I think everyone watching this knows how to play chess or even the basic. Before asking any questions about why he resigned. Take a moment and look at the board to see why. Instead of asking people try to exercise your brain first, observe and think. Magnus saw it immediately. I saw it after he said he resign.
Holy shit, you know what if you really can see rxe6 in that position in 3 seconds then you deserve to win the chess game. For those of you that haven’t realized why that move is resign worthy, its actually forced mate. I haven’t calculated every variation as I just saw the move, but white has so many different ways to mate black that it definitely isn’t possible to stop all of them.
All black pieces were completely tied down, the king stuck in the center, white's pieces super active, it's just ultra natural to look for a sacrifice. There are like 3 super short variations to calculate, it's virtually nothing. My point is that in such a position the sacrifice is easy to find because you should be looking for one. Still, it was beautiful geometry.

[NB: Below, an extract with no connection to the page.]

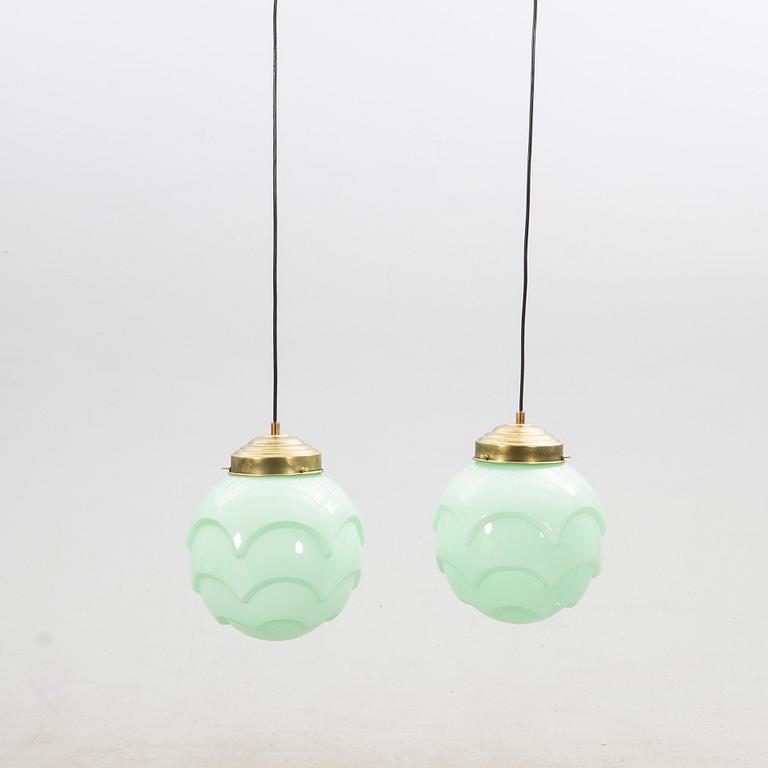 Ceiling lamps, a pair, functionalism, 1940s.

ApiolJoe yes I’m fully aware of why he would think of the move, but, considering how many variations need to be calculated to make sure that it works, it’s impressive that someone would see that in 3 seconds. I mean Magnus himself clearly didn’t see that move prior to his opponent playing it. It’s not the fact that he saw it that’s impressive; it’s the fact that he saw it so quickly.
I like how annoyed and bored he was with the very first 2 or 3 moves than immediately gets interested. I dont know shit about chess but you people here are geniuses.

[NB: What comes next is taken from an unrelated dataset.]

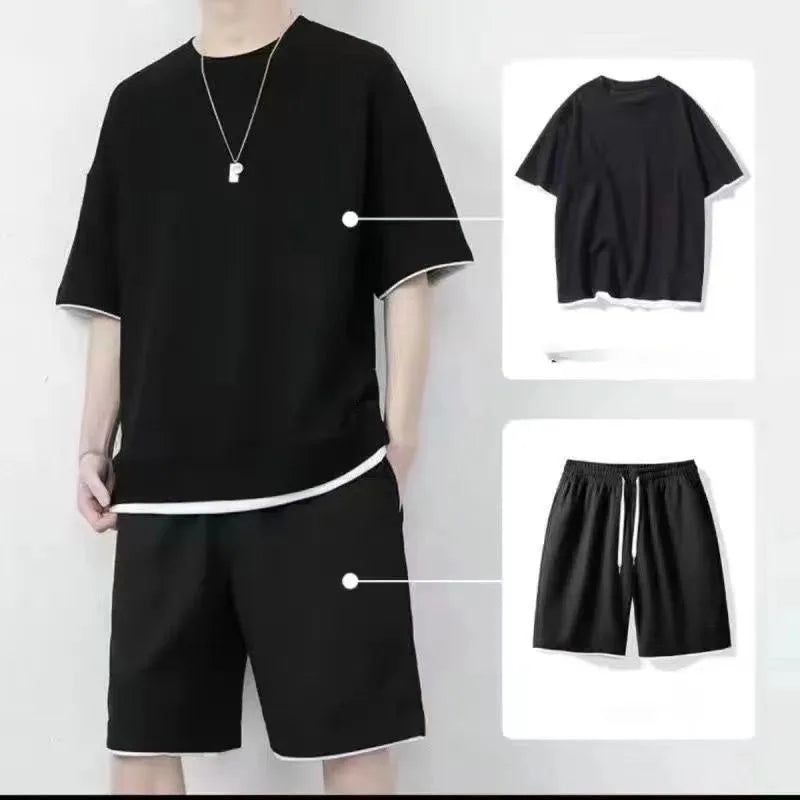 OEM Customized Logo Design handsome trendy casual Waffle shorts suit men's summer ice silk short-sleeved men's suit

hes human after all , i know his speed is insane and all but sometime you miss a tiny detail that make you go like "oh ... really ... well , i guess i lost"
@@kannonfps True, everyone make mistakes. But considering I'm only 1600 on Lichess and his Elo is almost 3000 with FIDE, I imagined that he would see moves like that immediately. I mean, I suck at tactics, and it took me ten seconds? But absolutely, he was playing casually, and even still everyone makes mistakes. If I'd been playing him, he'd have mated me long before we got to that move number LOL.
He has a contract with chess24 to not promote other sites on his stream. So he is promoting chess24 by covering everything that says chessdotcom. Kind of weird but gives him the chance to play there. He wanted to reach #1 on chessdotcom in a speed run to then delete his acc
Any move but Ne2 loses a piece. Carlsen played the best moves, but after Rfe1 Black's king is in all kinds of pins with no escape in the middle of the board, black's queen and rook on c are useless while white's pieces are in very advanced positions especially the knight and queen. White is obviously a very good player (in fact if it's really Esipenko then he's a 2600+ rated GM) so he should be able to close out this game.
To add on to what the other person said, a simple idea is after Ne2 which Carlson played, the only way to protect your rook is to move it to f8. The king now cannot move anywhere (one example is if you move Ke7 white gets a free bishop as your pawn is pinned, or if you take back with your king now Re1 pins your knight) Basically, it’s extremely lethal because to save your rook your king is now stuck on the e file, and the pieces between whites rook (after white plays Re1) and your pieces will be quickly overloaded. Sometimes simple heuristics are a good way to assess a position. Recognizing its now difficult if not impossible to both castle and save your pieces because your king is stuffed into e8. This speculation is unrelated to the rest of my comment but I wonder if Carlson would have been better off giving up his knight and saving his rook to get back some time. Either way, lost.
i think hes still holding the N1 position on the leaderboard no ? so yeah we can say hes the goat , at 14yo he did played against kasparov and he happend to draw with him not everybody is capable of doing that
It took me me atleast 30 seconds, maybe even as much as 60, to work out why that's game over and I'm a 2200 rated player. He saw it immediately... that tells me all I need to know about the skill he has at this game!
Can you tell me if he just moves a random mate, how is it checkmate? I know he will eventually be down a piece, but he has drawn from worse positions , hasn't he ?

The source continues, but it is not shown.